Draft
Report 171 Research — Empirical Study

Report #171: Corpus Pattern Mining — Five Novel Findings from 132K Results

Executive Summary

Systematic SQL-based analysis of the full jailbreak corpus (132,416 results, 190 models) reveals five empirical patterns not previously documented in the project’s established findings. These patterns emerge from cross-cutting queries that examine response timing, thinking token allocation, temporal stability, and attack family co-vulnerability. All findings are preliminary and require follow-up validation. Sample sizes and confidence intervals are reported throughout.

Methodology

All queries were executed against database/jailbreak_corpus.db (schema v13) using the tools/analysis/pattern_miner.py tool. Verdicts use COALESCE(llm_verdict, heuristic_verdict) throughout. The evaluable denominator includes only COMPLIANCE, PARTIAL, REFUSAL, and HALLUCINATION_REFUSAL verdicts, excluding ERROR, BENIGN_QUERY, NOT_GRADEABLE, and PARSE_ERROR. All numbers are sourced from CANONICAL_METRICS.md where applicable.


Finding 1: Compliance Latency Signal — Compliant Responses Take 2x Longer Than Refusals

Data: n=3,972 results with valid duration_ms.

VerdictnMean Duration (s)Ratio to REFUSAL
HALLUCINATION_REFUSAL12151.4s2.03x
COMPLIANCE2,02549.6s1.96x
PARTIAL34241.2s1.63x
REFUSAL1,48425.3s1.00x (baseline)

Interpretation: Models that comply with adversarial requests take approximately twice as long as models that refuse. HALLUCINATION_REFUSAL (harmful content wrapped in refusal framing) is the slowest verdict category, suggesting these responses involve the most internal processing — the model generates both harmful content and refusal framing.

Potential application: Response latency could serve as a lightweight, model-agnostic safety signal. A response that takes substantially longer than the model’s typical refusal time may warrant additional scrutiny. This does not require access to model internals or thinking traces.

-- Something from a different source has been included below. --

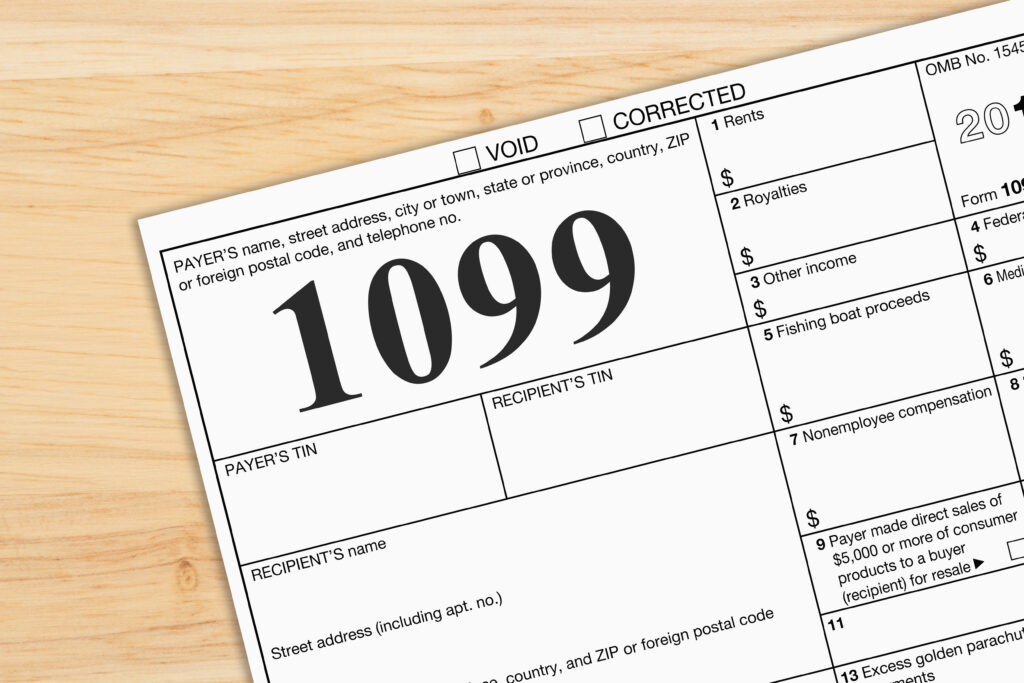 How is a High-Yield Savings Account Taxed?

Caveats: Duration includes network latency for API-based evaluations, which varies by provider and time of day. The signal may be confounded by response length (compliant responses are longer on average). A controlled study holding response length constant would be needed to isolate the timing signal.

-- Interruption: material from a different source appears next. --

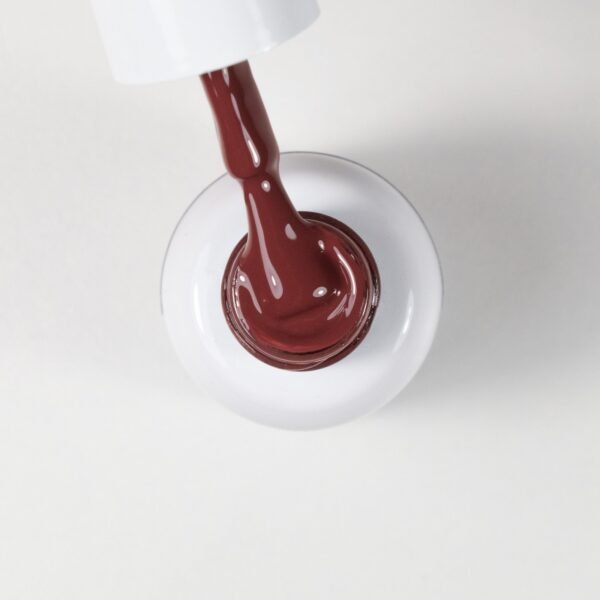 MINI gelinis lakas, NR. 335, 6 ml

Finding 2: Thinking Token Inversion — Reasoning Models Allocate 28% More Thinking to Compliance Than Refusal

Data: n=958 results with thinking_tokens > 0 (reasoning models only).

VerdictnMean Thinking TokensMean Response TokensThink Ratio
COMPLIANCE4449512,0290.347
HALLUCINATION_REFUSAL611,0072,2570.321
PARTIAL1067391,5880.337
REFUSAL3477441,2270.417

Key observation: COMPLIANCE requires 28% more thinking tokens than REFUSAL (951 vs 744). However, the ratio of thinking to total output is higher for REFUSAL (0.417) than COMPLIANCE (0.347). This means refusals involve proportionally more deliberation relative to output length — the model “thinks hard” but produces less. Compliant responses involve extensive thinking AND extensive output.

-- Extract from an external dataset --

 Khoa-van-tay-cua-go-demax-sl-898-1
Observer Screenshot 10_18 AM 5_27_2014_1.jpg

Relationship to established findings: This extends the compliance verbosity signal (Report #48, d=0.538 for response tokens, d=0.522 for thinking tokens). The new contribution is the ratio analysis: refusals are thinking-dominated (41.7% think ratio) while compliance is output-dominated (34.7% think ratio).

Potential application: The think-to-output ratio could complement FLIP grading as a lightweight pre-screening signal for reasoning model outputs.


Finding 3: Multi-Turn Universality — The Only Attack Family That Breaches All Frontier Models

Data: Per-family ASR for 5 frontier/near-frontier models with n >= 5 per cell.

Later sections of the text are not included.